*DATA EXCERPT*
-*-*-

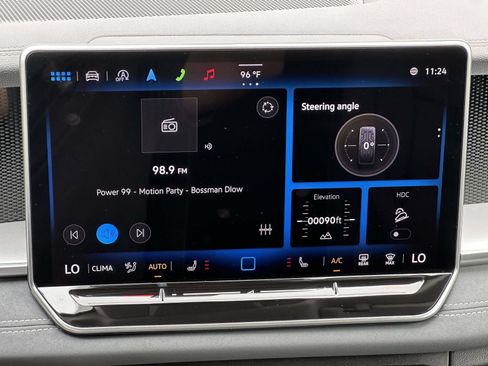 Certified 2025 Volkswagen Tiguan SE AWD/4WD image 18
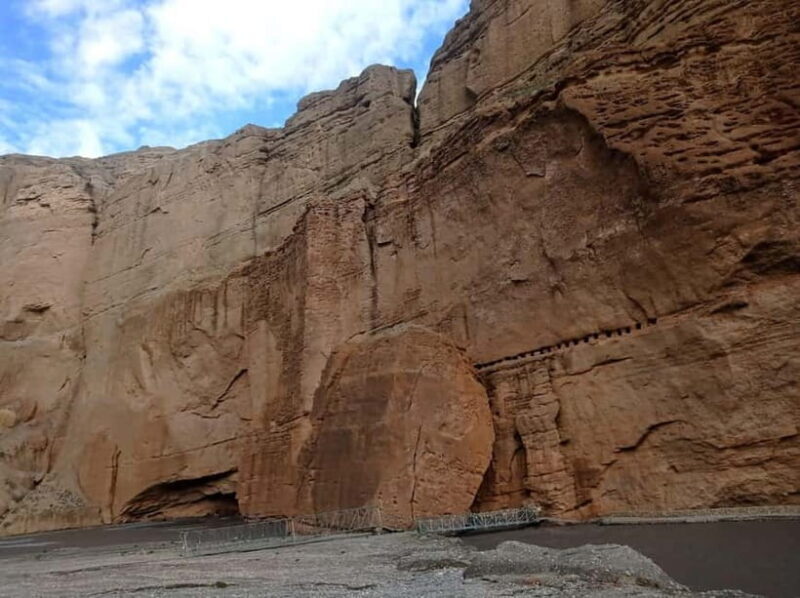 From Pokhara: Short Upper Mustang Guided Trekking 10-Days - Guides and Support: Who Will Lead Your Journey?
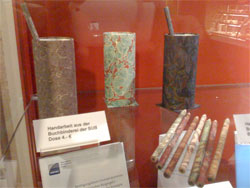 Stiftdosen und Bleistifte aus der Buchbinderei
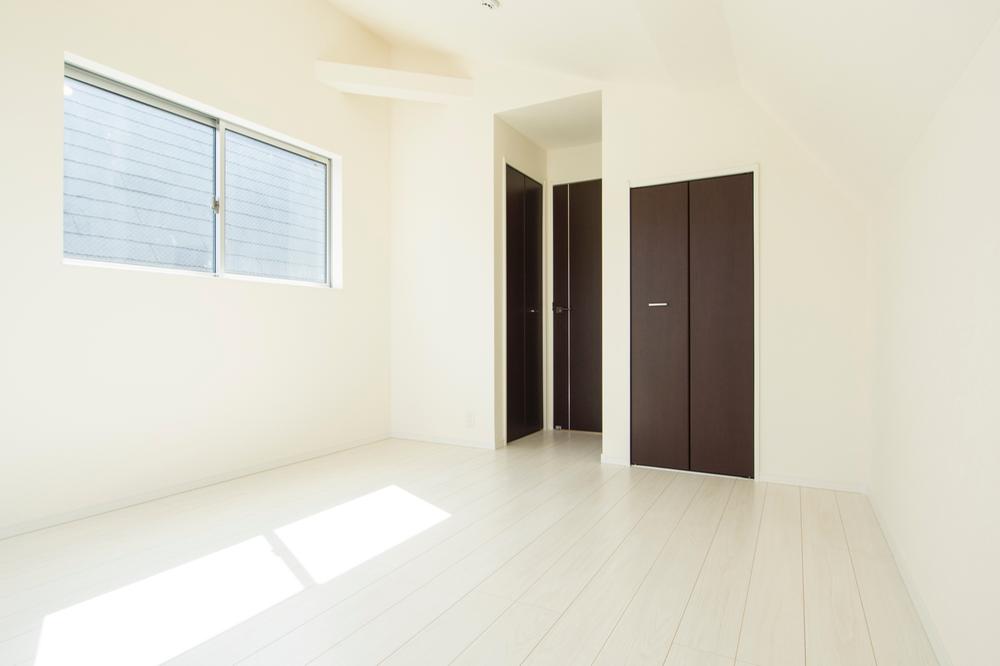 Non-living room. Room (August 2013) Shooting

-*-*-

*ACTIVITY*
All lines of the material above should be returned unchanged, but no pictures should be included.

*REPLY TO THE TASK*
 Certified 2025 Volkswagen Tiguan SE AWD/4WD image 18
 From Pokhara: Short Upper Mustang Guided Trekking 10-Days - Guides and Support: Who Will Lead Your Journey?
 Stiftdosen und Bleistifte aus der Buchbinderei
 Non-living room. Room (August 2013) Shooting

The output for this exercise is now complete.